I have now seen in the past two days snap auto-refreshes either hang indefinitely and/or error on two separate nodes in a cluster. In both cases, the snap change log shows a problem at the ‘Start snap “lxd” (14623) services’ step. When I traced that through to the logs under /var/snap/lxd/common/lxd/logs on the first machine yesterday it showed:
lvl=eror msg=“Failed to start the daemon: Failed to start dqlite server: raft_start(): io: load closed segment 0000000000911734-0000000000911987: found 253 entries (expected 254)”
Based on reading from other threads I aborted the snap auto-refresh and removed the last (corrupt) segment. After doing so the snap refresh succeeded and the cluster was back to all nodes being ONLINE/fully operational.

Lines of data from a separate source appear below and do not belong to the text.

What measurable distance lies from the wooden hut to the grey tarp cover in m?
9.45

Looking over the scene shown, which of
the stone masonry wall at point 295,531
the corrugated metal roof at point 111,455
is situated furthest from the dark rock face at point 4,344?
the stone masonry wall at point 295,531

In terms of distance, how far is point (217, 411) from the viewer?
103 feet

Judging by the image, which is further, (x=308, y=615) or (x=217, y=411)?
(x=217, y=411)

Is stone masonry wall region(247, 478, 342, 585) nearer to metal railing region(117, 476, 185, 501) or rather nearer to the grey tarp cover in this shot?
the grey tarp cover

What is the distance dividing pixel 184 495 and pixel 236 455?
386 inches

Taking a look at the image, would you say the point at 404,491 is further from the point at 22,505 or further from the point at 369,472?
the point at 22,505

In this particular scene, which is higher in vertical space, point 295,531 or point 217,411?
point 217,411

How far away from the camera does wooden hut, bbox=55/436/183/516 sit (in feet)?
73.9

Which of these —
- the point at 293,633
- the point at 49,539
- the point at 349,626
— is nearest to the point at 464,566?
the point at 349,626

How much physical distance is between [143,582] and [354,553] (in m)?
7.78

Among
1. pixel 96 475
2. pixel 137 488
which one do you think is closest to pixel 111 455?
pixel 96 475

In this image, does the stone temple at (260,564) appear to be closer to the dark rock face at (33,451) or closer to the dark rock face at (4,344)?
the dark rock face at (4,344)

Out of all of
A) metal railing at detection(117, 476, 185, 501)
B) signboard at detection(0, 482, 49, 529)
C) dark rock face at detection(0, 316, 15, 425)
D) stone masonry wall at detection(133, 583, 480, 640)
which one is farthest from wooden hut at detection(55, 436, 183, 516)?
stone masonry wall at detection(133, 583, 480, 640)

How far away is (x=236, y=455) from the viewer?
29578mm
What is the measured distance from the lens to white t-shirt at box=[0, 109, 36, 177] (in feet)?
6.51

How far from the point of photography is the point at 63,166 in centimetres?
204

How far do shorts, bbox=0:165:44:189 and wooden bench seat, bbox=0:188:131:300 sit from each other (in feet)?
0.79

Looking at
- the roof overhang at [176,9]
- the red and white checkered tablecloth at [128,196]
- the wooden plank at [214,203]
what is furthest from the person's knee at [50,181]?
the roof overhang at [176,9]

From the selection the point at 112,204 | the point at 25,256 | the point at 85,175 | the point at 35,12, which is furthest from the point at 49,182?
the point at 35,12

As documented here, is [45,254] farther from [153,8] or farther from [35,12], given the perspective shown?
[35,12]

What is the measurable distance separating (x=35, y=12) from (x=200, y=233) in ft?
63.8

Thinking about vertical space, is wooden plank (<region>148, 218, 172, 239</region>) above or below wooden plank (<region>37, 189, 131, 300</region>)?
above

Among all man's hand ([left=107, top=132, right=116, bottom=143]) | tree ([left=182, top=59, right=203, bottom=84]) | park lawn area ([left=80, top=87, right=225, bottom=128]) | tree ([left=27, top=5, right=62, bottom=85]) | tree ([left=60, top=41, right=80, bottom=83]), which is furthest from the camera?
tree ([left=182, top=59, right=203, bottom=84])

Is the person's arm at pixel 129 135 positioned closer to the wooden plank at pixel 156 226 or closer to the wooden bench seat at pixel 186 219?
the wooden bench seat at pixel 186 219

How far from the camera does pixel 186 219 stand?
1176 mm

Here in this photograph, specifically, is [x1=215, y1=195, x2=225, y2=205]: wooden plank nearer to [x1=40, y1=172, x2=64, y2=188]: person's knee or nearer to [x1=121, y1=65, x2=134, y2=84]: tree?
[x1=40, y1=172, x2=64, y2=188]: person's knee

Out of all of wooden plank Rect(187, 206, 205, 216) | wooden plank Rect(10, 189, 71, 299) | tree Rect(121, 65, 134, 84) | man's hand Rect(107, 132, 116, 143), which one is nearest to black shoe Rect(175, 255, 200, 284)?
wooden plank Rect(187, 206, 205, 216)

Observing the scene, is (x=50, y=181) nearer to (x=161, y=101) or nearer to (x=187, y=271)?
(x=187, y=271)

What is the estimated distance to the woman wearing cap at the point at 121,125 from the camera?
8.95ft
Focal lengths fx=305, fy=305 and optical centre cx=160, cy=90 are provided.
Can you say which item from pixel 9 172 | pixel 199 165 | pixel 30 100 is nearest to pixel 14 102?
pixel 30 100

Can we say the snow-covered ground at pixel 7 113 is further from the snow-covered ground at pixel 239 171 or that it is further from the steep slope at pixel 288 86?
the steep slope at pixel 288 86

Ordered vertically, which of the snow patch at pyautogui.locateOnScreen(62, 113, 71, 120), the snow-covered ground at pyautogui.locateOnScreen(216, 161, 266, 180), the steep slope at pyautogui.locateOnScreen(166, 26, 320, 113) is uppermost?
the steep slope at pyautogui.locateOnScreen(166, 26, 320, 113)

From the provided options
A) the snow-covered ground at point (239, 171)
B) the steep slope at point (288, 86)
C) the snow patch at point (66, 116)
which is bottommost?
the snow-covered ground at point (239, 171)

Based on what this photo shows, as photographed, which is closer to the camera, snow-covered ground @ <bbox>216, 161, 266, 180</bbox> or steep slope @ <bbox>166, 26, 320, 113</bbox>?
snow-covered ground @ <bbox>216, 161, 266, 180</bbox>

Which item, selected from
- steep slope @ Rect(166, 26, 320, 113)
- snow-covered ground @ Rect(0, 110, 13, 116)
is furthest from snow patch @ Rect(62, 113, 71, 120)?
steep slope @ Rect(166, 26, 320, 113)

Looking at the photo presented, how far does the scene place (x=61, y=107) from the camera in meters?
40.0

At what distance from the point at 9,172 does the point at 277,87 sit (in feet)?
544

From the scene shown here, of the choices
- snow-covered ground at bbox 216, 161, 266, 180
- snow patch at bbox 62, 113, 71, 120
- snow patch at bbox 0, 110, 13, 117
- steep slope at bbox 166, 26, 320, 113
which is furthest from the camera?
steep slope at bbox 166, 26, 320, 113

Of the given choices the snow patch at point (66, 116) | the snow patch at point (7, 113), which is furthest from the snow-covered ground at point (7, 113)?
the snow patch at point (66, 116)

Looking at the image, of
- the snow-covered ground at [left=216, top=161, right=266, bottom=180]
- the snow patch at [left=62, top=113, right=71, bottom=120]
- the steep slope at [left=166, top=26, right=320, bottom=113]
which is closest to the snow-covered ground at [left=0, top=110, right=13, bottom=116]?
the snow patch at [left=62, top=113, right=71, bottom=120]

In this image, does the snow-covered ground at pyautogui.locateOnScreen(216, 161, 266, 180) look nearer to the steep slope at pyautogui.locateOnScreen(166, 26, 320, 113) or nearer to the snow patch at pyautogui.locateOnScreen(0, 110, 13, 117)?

Today, I checked the cluster list to find that a second cluster node (different machine from yesterday) was not doing heartbeats. Checking ‘snap services’ on the machine shows the lxd instance isn’t running:
$ snap services
Service Startup Current Notes
lxd.activate enabled inactive -
lxd.daemon enabled inactive socket-activated
Checking ‘snap changes’ on the machine shows two snap auto-refresh errors:
109 Error today at 11:53 PDT today at 11:54 PDT Auto-refresh snap “lxd”
110 Error today at 12:43 PDT today at 12:44 PDT Auto-refresh snap “lxd”

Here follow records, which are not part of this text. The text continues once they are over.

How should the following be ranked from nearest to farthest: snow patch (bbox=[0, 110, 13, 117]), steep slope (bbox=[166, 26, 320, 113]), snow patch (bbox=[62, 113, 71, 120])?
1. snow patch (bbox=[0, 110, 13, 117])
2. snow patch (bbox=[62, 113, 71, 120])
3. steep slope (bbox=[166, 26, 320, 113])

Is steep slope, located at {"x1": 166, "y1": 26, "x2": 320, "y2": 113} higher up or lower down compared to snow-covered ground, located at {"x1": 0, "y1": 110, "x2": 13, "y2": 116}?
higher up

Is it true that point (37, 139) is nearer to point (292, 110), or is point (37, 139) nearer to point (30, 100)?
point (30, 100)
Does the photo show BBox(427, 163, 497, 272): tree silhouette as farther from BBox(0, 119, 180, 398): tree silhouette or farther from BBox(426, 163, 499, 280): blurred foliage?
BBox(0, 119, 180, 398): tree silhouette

Checking the last change log again shows the issue is at the Start/Stop snap “lxd” services steps:
$ snap change 110
Status Spawn Ready Summary
Done today at 12:43 PDT today at 12:44 PDT Ensure prerequisites for “lxd” are available
Undone today at 12:43 PDT today at 12:44 PDT Download snap “lxd” (14623) from channel “latest/stable”
Done today at 12:43 PDT today at 12:44 PDT Fetch and check assertions for snap “lxd” (14623)
Undone today at 12:43 PDT today at 12:44 PDT Mount snap “lxd” (14623)
Undone today at 12:43 PDT today at 12:44 PDT Run pre-refresh hook of “lxd” snap if present
Error today at 12:43 PDT today at 12:44 PDT Stop snap “lxd” services
Undone today at 12:43 PDT today at 12:44 PDT Remove aliases for snap “lxd”
Undone today at 12:43 PDT today at 12:44 PDT Make current revision for snap “lxd” unavailable
Undone today at 12:43 PDT today at 12:44 PDT Copy snap “lxd” data
Undone today at 12:43 PDT today at 12:44 PDT Setup snap “lxd” (14623) security profiles
Undone today at 12:43 PDT today at 12:44 PDT Make snap “lxd” (14623) available to the system
Undone today at 12:43 PDT today at 12:44 PDT Automatically connect eligible plugs and slots of snap “lxd”
Undone today at 12:43 PDT today at 12:44 PDT Set automatic aliases for snap “lxd”
Undone today at 12:43 PDT today at 12:44 PDT Setup snap “lxd” aliases
Undone today at 12:43 PDT today at 12:44 PDT Run post-refresh hook of “lxd” snap if present
Error today at 12:43 PDT today at 12:44 PDT Start snap “lxd” (14623) services
Hold today at 12:43 PDT today at 12:44 PDT Remove data for snap “lxd” (14594)
Hold today at 12:43 PDT today at 12:44 PDT Remove snap “lxd” (14594) from the system
Hold today at 12:43 PDT today at 12:44 PDT Clean up “lxd” (14623) install
Hold today at 12:43 PDT today at 12:44 PDT Run configure hook of “lxd” snap if present
Hold today at 12:43 PDT today at 12:44 PDT Run health check of “lxd” snap
Done today at 12:43 PDT today at 12:44 PDT Consider re-refresh of “lxd”
Following that through to the lxd log shows the same problem as the first node did yesterday:
lvl=eror msg=“Failed to start the daemon: Failed to start dqlite server: raft_start(): io: load closed segment 0000000000913597-0000000000914725: found 1128 entries (expected 1129)”
So, it seems, somehow that the way the snap auto-refresh is happening is prone to corrupting the raft DB segments, possibly do to an unclean shutdown?
Both machines have /var/snap on a two disk raid1 MD device. In both cases, the MD raid is health and the underlying disks don’t show any concerning symptoms in SMART data.
Let me know what other information I can gather to help isolate the issue here.